We’ve recently installed a couple of Juniper J-Series routers that
have the new JUNOS with Enhanced Services installed on them. During the
transition from our existing Linux routers, we started moving internal
subnets to the new routers, but when we moved the first subnet, we
discovered a problem with hosts that had addresses on two different
subnets. Connections would either connect for a minute and work and then
get a connection reset, or packets would come in to the server and leave
again, but then get swallowed in the ether.
I spent quite a bit of time this week reading about the security
features of the new routers, and finally came up with a solution. The
first clue was that I was getting connection reset from something on the
network, but carrying out packet sniffing on our existing routers and
the end points showed that they weren’t generating it. I eventually
found the tcp-rst option, which generates a reset packet for
any non-SYN packet that doesn’t match an existing flow session. JUNOS ES
does stateful packet inspection by creating a session when it sees an
initial SYN packet and then does filtering and routing based on that
flow session so it doesn’t have to do it for every packet. When I turned
off the tcp-rst option on the trust zone, my connection that
worked for a minute worked again only for a minute, but this time, it
just hung, rather than dying with a connection reset. This cemented the
idea that the Juniper routers were the cause.
It turned out that the problem was that there was asynchronous
routing going on. A packet was coming in to 10.0.0.1/24, but the server
was also on 10.0.1.1/24 and the default route nexthop was 10.0.1.2.
Depending on which subnet we moved depended on the resulting behavour.

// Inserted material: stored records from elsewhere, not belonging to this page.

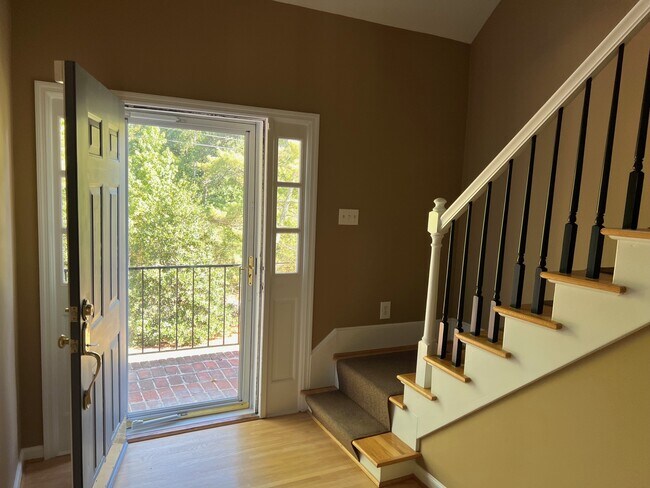Foyer - 2570 Acton Rd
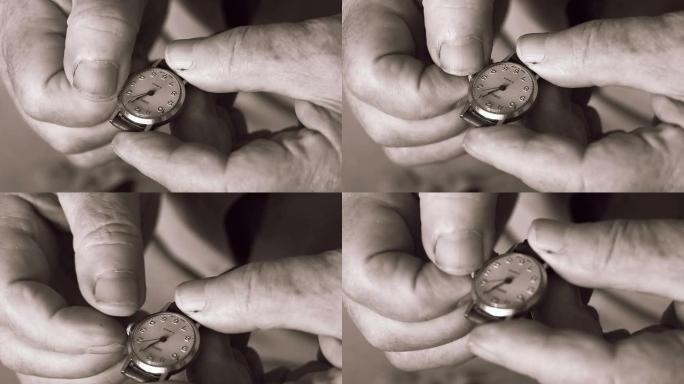 一位正在设置手表的老妇人。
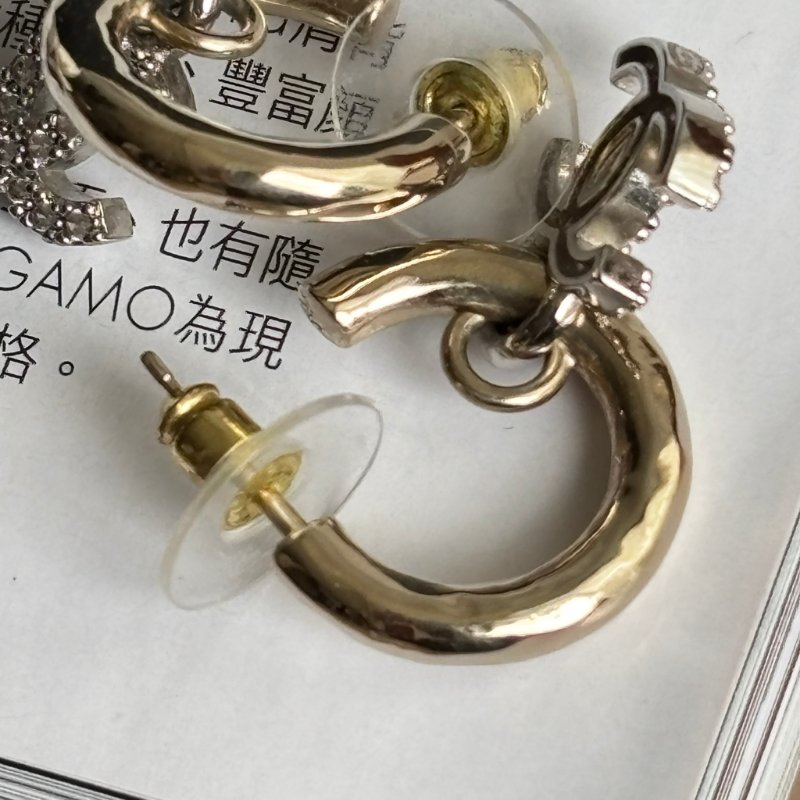 ::CHANEL:: 香奈兒 淡金雙C水鑽垂墜耳環-9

If we moved 10.0.0.0/24 to the new routers, they would only see the
incoming side of the conversation. If we moved 10.0.1.0/24, they would
only see the outgoing side of the conversation. If we then think how
this would work with the session-based routing and firewalling, in the
first case, the router would see the initial SYN packet, but would never
see the returning SYN-ACK packet, and after an initial timeout, decide
the flow never established and destroy the session info, resulting in
further incoming packets to be dropped. In the second case, it would
never see the SYN packet, only the SYN-ACK. This packet wouldn’t belong
to an existing session, so would be blocked. The solution is to turn off
the SYN check, using:
[edit] user@host# set security flow tcp-session no-syn-check
After commiting that, sessions work correctly, even without the
router seeing both sides of the connection:
user@host> show security flow session destination-prefix 10.0.0.1 Session ID: 201341, Policy name: default-permit/4, Timeout: 1798 In: 192.168.0.1/61136 --> 10.0.0.1/22;tcp, If: ge-0/0/0.7 Out: 10.0.0.1/22 --> 192.168.0.1/61136;tcp, If: ge-0/0/1.7 1 sessions displayed
Sadly, I couldn’t find much information on the no-syn-check
option, so hopefully people will find this explaination useful.